The Machine Learning Workflow

Video • 16:09

In this video, Christopher Brooks, Associate Professor of Information, outlines the machine learning workflow, including processing data (defining the machine learning problem, acquiring data, labeling data), creating models (choosing a model, partitioning your data, evaluating your models), and deploying models.

Excerpt From

Introduction to Machine Learning in Sports Analytics

Course

Transcript

So now that we know a little bit more about what machine learning is, let's talk about the machine learning workflow or what you're going to do as a sports analyst or a data scientist to apply machine learning. The first step is processing data. So this is really determining the features that are likely to be of significance to the task that you've got in mind. Then going out and acquiring and cleaning data to create these features. And then in the case of supervised models, labeling the data. Then we get to creating models. Some people call this the fun part. This is the statistics part, if you're into that in particular. So you identify your model choice in your evaluation strategy. Then we think about how we're going to separate data into training, validation, and testing data sets. We train and we tune the models using this training validation data and then we finally evaluate the model performance on our testing data or holdout data. Then we move on to deploying the model. So this is where we actually want to make predictions on unseen data and evaluated in the while. And this really is an iterative task that goes back down to processing data again, creating models again, and continuing to tune this workflow for a given task.
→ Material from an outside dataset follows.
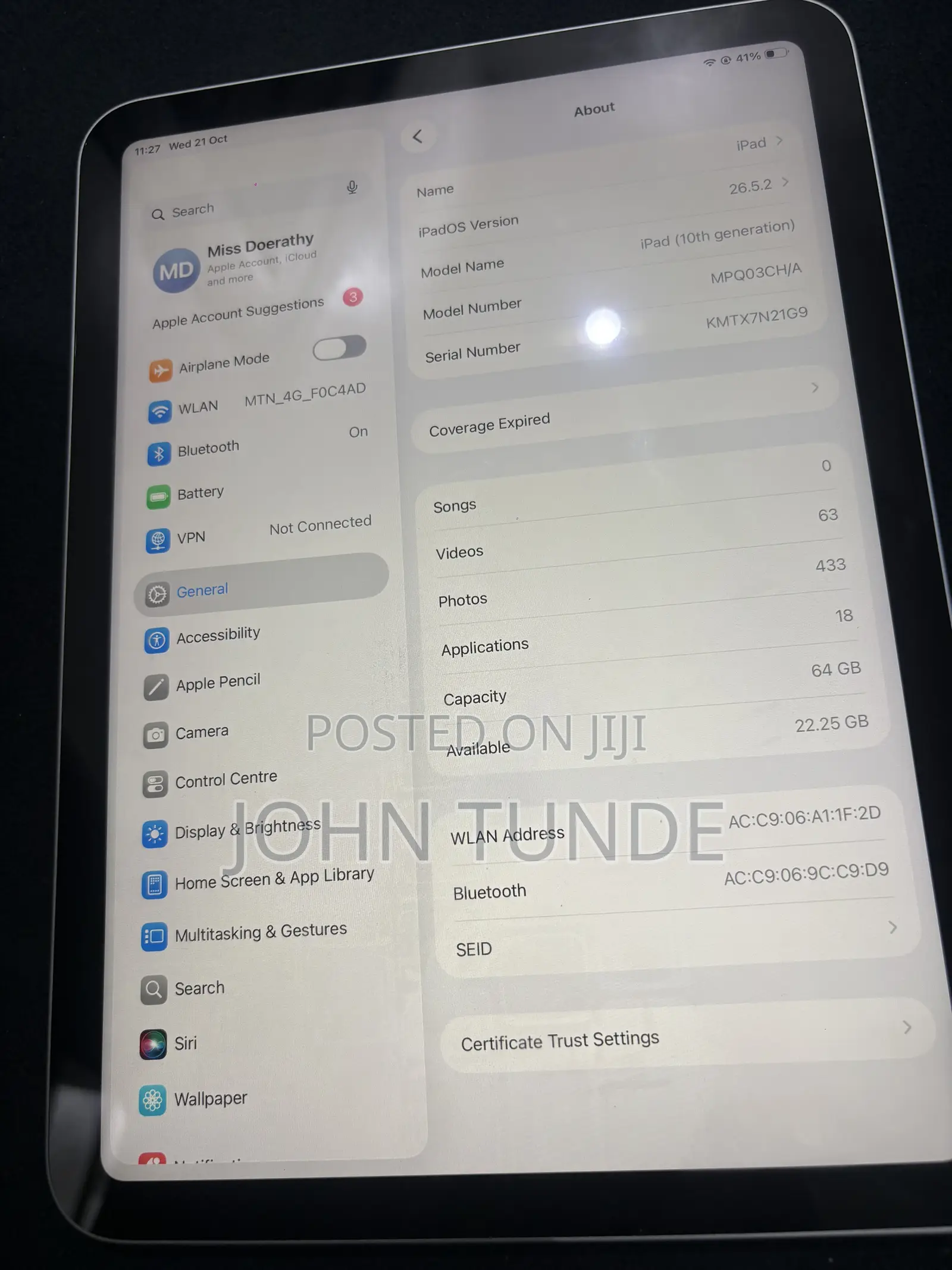 Apple iPad 10.2 (2020) Wi-Fi 64 GB Silver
So let's start with processing of data and defining your machine learning problem. So it really starts with thinking about the problem. What is it that you want to model and what is it that you want to predict? Do you want game score? Do you want match outcomes? Do you want the player salary or the movement result? Now I was actually showing this to a colleague of mine and they said, I think games scoring match outcomes are redundant, but are they? I mean game score, I think of as seven verses three, a match outcome is team A won. Game score then is a regression task. A match outcome is a classification task. And we might want to start collecting different information to differentiate these. And the details matter in the prediction. Do you just care about the accuracy of the model? Or do you want to be able to look inside of the model and interpret what features inside of it are leading to higher, low accuracy? How generalizable do you expect your model to be? Where are you actually going to use it? The generalizability of the model is really important when you want to get away from a toy problem and into a problem you can use in the real world. And these start to inform your data collection, modeling, and evaluation strategies.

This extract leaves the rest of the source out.